In December 2022, the Shire of Cardinia left the Casey Cardinia Library Corporation, which became the sole library service for the City of Casey. In response, the Casey Cardinia Library Corporation conducted a community survey and Connected Libraries was chosen as its new trading name.

==Branches==

===Bunjil Place Library===

Bunjil Place Library first opened as Narre Warren Library in Malcolm Court, Narre Warren in 1978. In 1992, it moved into premises at Fountain Gate Shopping Centre adjacent to the City of Berwick offices. At 1350 square metres, it was the largest of the CCL libraries. In October 2017, the library relocated to 2 Patrick Northeast Drive as part of the Bunjil Place complex, a "mix of facilities, including an outdoor community plaza, theatre, multipurpose studio, function centre, library gallery and City of Casey Customer Service Centre, all in one place."

===Cranbourne Library===

Cranbourne Shire Library began providing library services from the former Engineer's offices in Sladen street in 1978. The formation of CCL in 1996 led to the establishment of 'Headquarters' and the relocation of Cranbourne branch to part of the former Ford Factory in Berwick Cranbourne Road, now known as the Casey Indoor Leisure Complex, which includes Casey Stadium. The library was renovated and extended in 2002. In 2017, the Local History Archive and Narre Warren & District Family History Group were relocated to the facilities adjacent to the library.

=== Cranbourne West Library Lounge ===
Part of the Cranbourne West Community Hub, this branch opened in January 2024.

===Doveton Library===

After a couple of earlier incarnations, the Shire of Berwick rented the Presbyterian Church Hall as library premises in 1969. It moved to 148 Kidd Road where it became the 2nd branch (after Springvale) of the DVRLS in 1973. The council then purchased a Service station in Autumn Place next to the shopping centre and, after extensive renovations, opened the current Doveton library there in 1983. The library was renovated and extended in 2008.

===Endeavour Hills Library===

Rapid population growth in Endeavour Hills in the early 1980s resulted in the construction of a permanent library to replace the mobile service. The building was officially opened in Raymond McMahon Boulevard on 31 May 1987. IT is co-located with the Endeavour Hills Leisure Centre, adjacent to the Endeavour Hills Shopping Centre. A 2007 renovation and extension has significantly increased the size of the library. In 2019, a new 1200m2 town square was completed between the library and the leisure centre. The Town Square provides space for civic celebrations with seating space and shade materials, and also incorporates a skate park.

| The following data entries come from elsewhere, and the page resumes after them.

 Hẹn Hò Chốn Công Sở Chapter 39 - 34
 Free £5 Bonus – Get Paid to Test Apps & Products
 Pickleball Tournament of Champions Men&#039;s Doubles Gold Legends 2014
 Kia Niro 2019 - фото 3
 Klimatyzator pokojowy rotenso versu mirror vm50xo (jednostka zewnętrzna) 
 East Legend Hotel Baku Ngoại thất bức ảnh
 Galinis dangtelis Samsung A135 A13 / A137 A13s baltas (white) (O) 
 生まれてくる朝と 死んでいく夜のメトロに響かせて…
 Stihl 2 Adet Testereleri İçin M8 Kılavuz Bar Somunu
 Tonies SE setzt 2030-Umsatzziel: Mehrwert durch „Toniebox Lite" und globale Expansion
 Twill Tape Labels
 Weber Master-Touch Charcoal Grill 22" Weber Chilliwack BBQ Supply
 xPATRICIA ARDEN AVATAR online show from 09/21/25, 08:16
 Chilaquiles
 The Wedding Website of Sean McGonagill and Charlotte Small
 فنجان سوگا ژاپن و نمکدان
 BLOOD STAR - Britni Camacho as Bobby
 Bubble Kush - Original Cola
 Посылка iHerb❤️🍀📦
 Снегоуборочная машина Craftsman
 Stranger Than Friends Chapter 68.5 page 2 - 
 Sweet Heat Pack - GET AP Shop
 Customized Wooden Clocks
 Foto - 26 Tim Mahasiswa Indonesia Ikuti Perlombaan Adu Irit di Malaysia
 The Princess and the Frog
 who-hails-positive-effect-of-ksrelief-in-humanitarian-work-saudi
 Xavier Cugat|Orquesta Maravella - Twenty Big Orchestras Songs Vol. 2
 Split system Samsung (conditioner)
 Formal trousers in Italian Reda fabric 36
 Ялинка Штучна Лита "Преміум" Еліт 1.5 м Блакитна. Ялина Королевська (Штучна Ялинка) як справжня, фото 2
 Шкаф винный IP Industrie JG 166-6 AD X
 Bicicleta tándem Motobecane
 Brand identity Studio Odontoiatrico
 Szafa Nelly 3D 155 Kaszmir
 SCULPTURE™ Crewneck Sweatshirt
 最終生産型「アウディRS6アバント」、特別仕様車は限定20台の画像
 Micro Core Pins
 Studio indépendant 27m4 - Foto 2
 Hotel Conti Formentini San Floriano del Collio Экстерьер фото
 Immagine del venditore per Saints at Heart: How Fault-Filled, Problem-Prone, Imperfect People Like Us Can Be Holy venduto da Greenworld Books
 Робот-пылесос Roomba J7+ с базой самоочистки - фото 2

===Hampton Park Library===

Hampton Park Library opened in January 2004, adjacent to Arthur Wren Hall. An application to extend the Library through a Living Libraries Grant resulted in a building extension, adding an additional 30% in public space. The official opening of the Hampton Park library extension (of 270 m2) and newly co-located Youth Centre took place on 30 October 2010.

===Clyde Township Library Lounge===

Opening on 14 February 2026, this branch is the newest addition to the Connected Libraries service. It is located within the Clyde Township Community Centre.